Book review: Richard Ford’s Between Them
July 22, 2017 • 7 Comments • Posted in careers/jobs for people who are blind, guest blog, memoir writing, writingAl Hippensteel is the editor of The Dearborn Express, our free neighborhood newspaper, and he’s in the memoir-writing class I lead in Printers Row, too.
Before class one day Al asked if anyone might be interested in writing book reviews for the paper, and his fellow memoir-writer Lorraine Schmall jumped at the chance.
Her latest review is about a new book by Richard Ford, one of my favorite short story writers. I was so flattered to have Lorraine mention a writing prompt of mine in her review that I asked for permission to publish it here, too. Enjoy!
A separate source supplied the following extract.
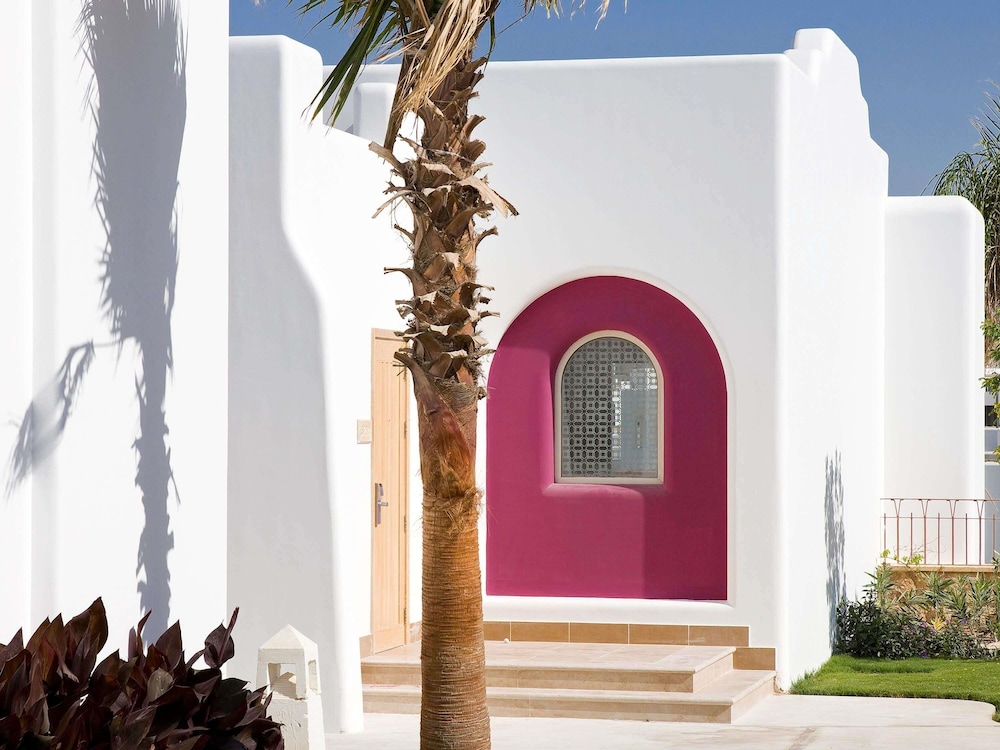 Habitación Estándar con 1 cama doble, lado jardín (Ala Palm) del hotel Novotel Sharm El-sheikh. Foto 3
Richard Ford, Between Them: Remembering My Parents
by Lorraine Schmall
There’s a popular memoir-writing teacher whose assignments are simple phrases capable of many meanings in many contexts. For example, “What My Parents Believed” could be about parents’ beliefs in a higher power– or in aliens; in American cars or the Farmer’s Almanac; in sparing the rod or spoiling the child; in education or an afterlife; in fidelity or free love. Like a required ingredient in a TV cooking contest, the right phrase encourages creative thinking.
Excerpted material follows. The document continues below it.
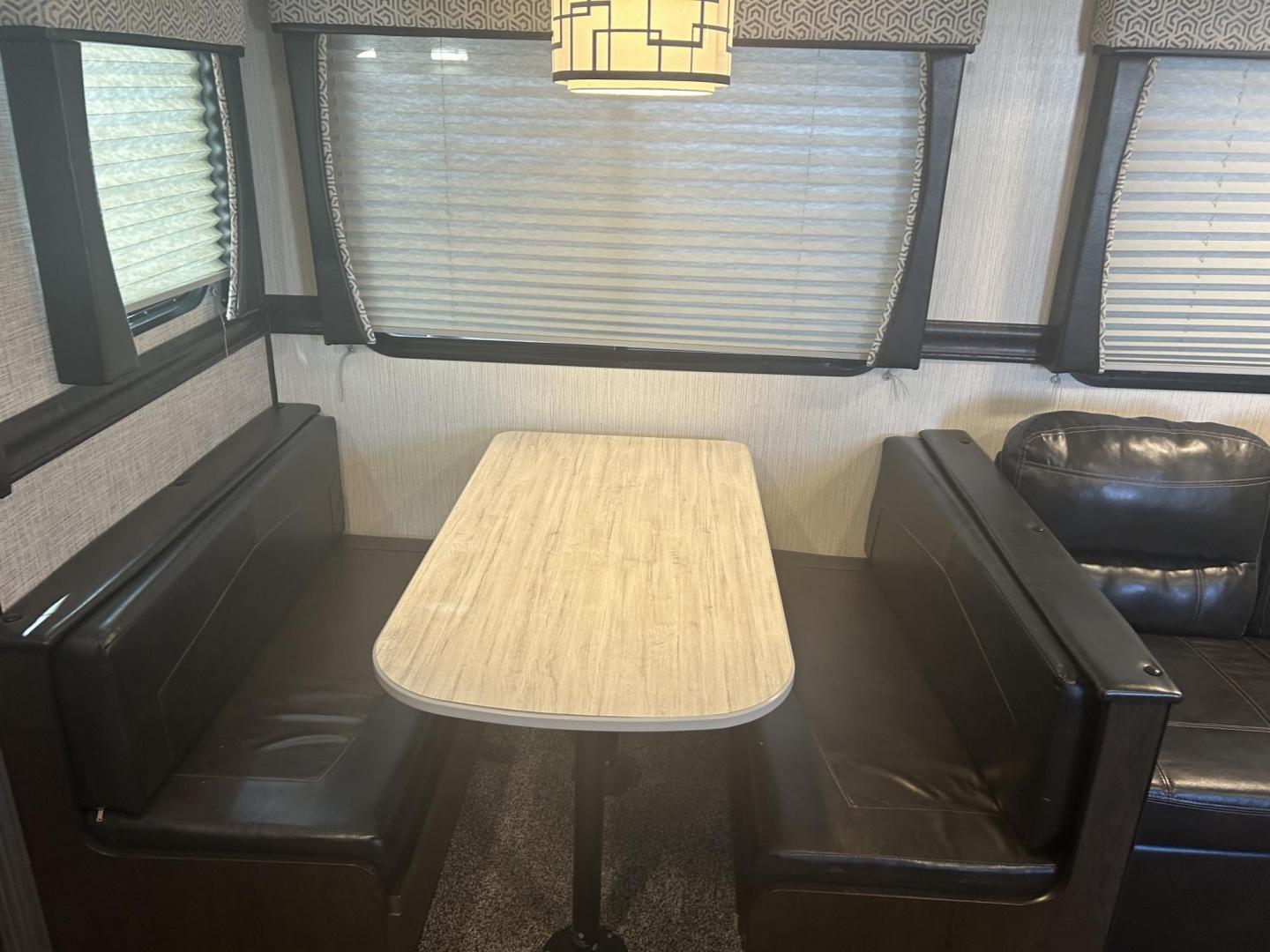 2021 Silver /TAN Breckenridge PIONEER BH270 (5SFPB3222ME) , located at 17760 Hwy 62, Morris, OK, 74445, 35.609104, -95.877060 - Photo#16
Richard Ford employs the same technique with the title and the content of his lovely memoir, Between Them: Remembering my Parents. He plays with the phrase “between them” to look back at his parents from different, and fascinating angles, in a way, that he hopes, “gives faithful, reliable, if sometimes drastic coherence to the many unequal things any life contains.”
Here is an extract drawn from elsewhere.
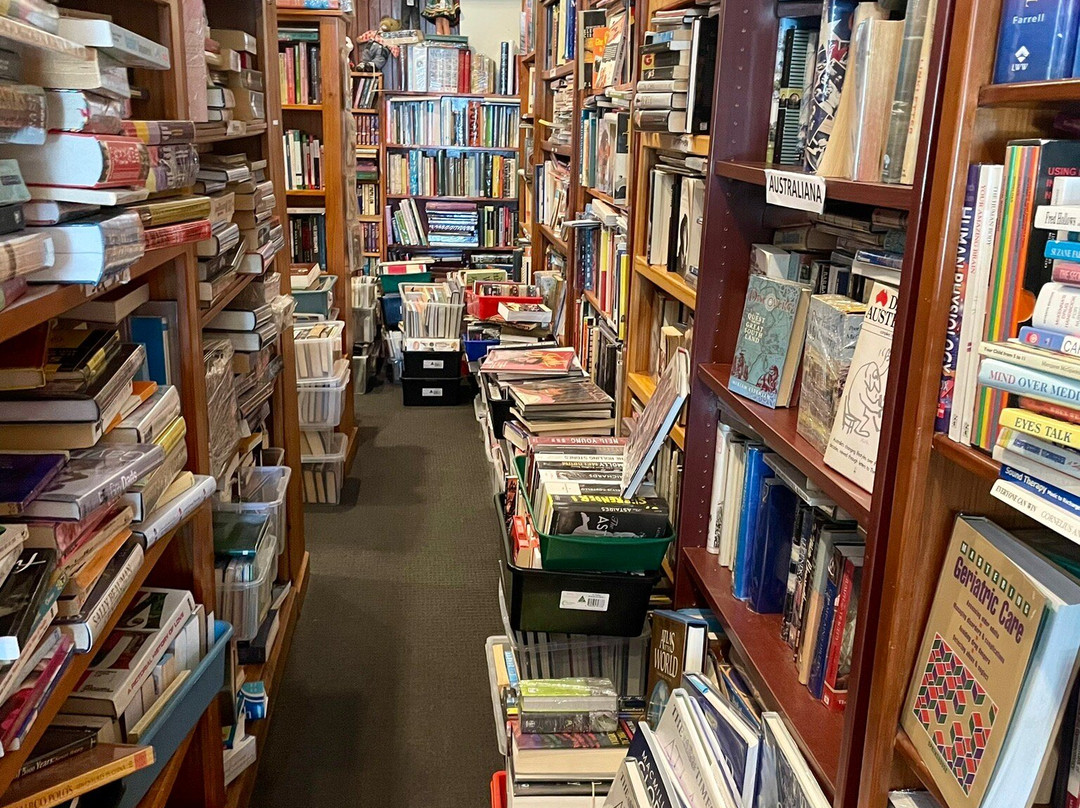 Armstrong Books-莱克斯恩特伦斯必去景点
He writes chronologically, so this intimate portrait begins with his concession that, as soon as Edna and Parker met in Arkansas, between them was something powerful and forever unknowable to a son, something which drew them together tightly and swiftly and intentionally apart from others; something he doesn’t begrudge them. He recognizes that between them and before him, was a carefree decade, most of which they spent together in an automobile or in diners or motels subsidized by the national company whose starch his father sold state-to-state. Ford wonders, and worries, whether he came between them, and forever changed, and maybe diminished what was before, after they were forced to make a home and a decision to live apart all but a few days a month after he was born.
A wordsmith who won the Pulitzer and has books made into movies, Ford cannot describe how his parents felt when he dropped into their lives: “It could only have been strange.” But he writes with some conviction: “They loved each other. They loved me.” From the stories he tells, it certainly seems so. Richard lived, trusting and sheltered and safe, between them.
And between them—and Richard’s sometimes close, often estranged and always unusual grandparents, he got all he needed and learned about the world. A once-restless mother whose own mother pretended they were sisters, and a father who could have been but never was more, they were in many ways like most parents—and Ford’s conclusion that he could never really know what they believed is a universal truth. “They elude me, as parents do” he writes, and so deftly encourages readers to reconsider their own memories of growing up.